I always hear people say that having kids is a miracle and such cliches usually make me cringe inside but today, I’m a little sappy.

So I woke up this morning and after checking to make sure that Finn was still snug in my uterus and growing healthily, I snuck over to give my 2 other kids a hug, thankful for how perfect they are. 

Kidspeak, the breast things in life are free

Monsteriffic

Tru: Mommy, mommy, look at my monster puppet.

Me: You mean frog right, and isn’t it like a bath scrubber?

Tru: No, it’s a monster.

Me: Well, see, it’s green, and frogs are green.

Tru: Monsters can be green too.

Me: Ok, fair enough. But it’s got big froggy eyes.

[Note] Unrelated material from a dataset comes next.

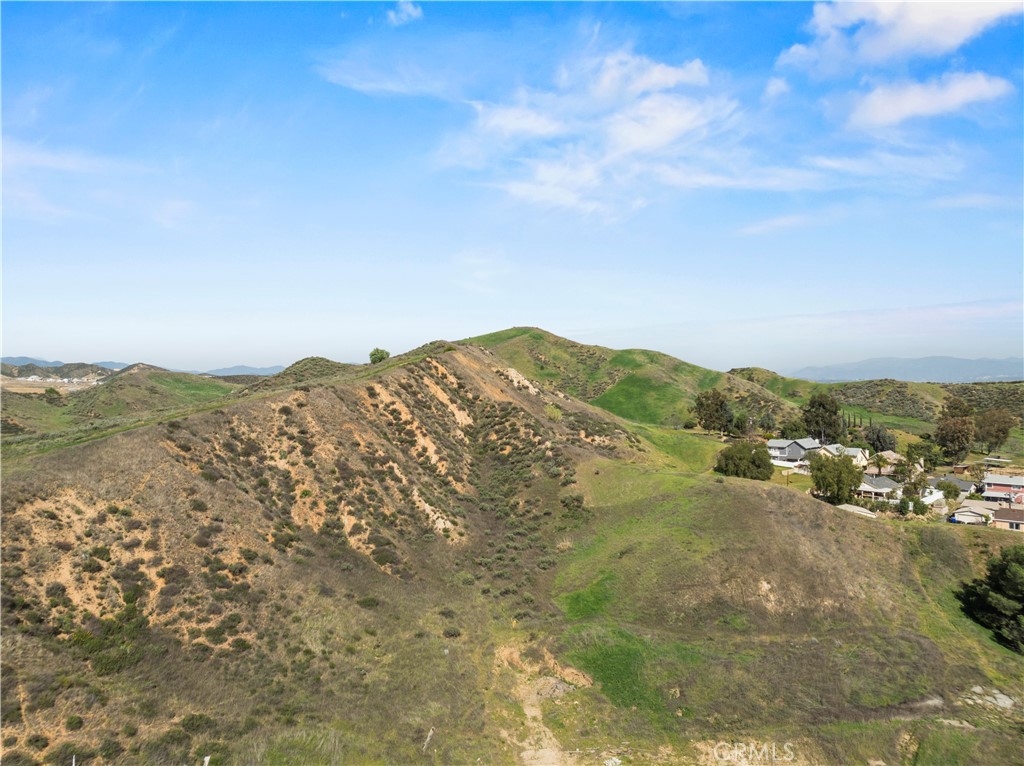 Incredible opportunity to own a residential lot with mountain views in the peaceful Val Verde community. Tucked away at the end of a cul-de-sac atop a private knoll, this property offers privacy, natural beauty, and endless potential. The adjacent parcel is also available, bringing the combined total to approximately 0.85 acres (36,451 sq ft)—ideal for building the home you’ve always imagined. Utilities are nearby. Enjoy the charm of a small-town atmosphere while staying close to the conveniences of Hasley Canyon and Santa Clarita. Minutes from Six Flags Magic Mountain, hiking and horseback trails, the community park and pool, and just a short drive to Castaic and Piru Lakes. A rare blend of rural serenity and accessibility—come see it for yourself! Seller is open to carrying a note.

Tru: The eyes are very small, the monster is closing his eyes.

Me: What? Are you sure you know what eyes are. Ok, where are the eyes?

Tru: *points to the little slits at the center*

Me: Then what are these? *points to the round things at the top corners*

Tru: That’s the ears. The monster has funny ears. And monsters have a tail, frogs have no tail.

Me: By golly, you’re right! The frog is a monster!

Tru: It’s not a frog monster. Just monster.

Me: Ok fine, you can call it a monster, I’ll call it a frog.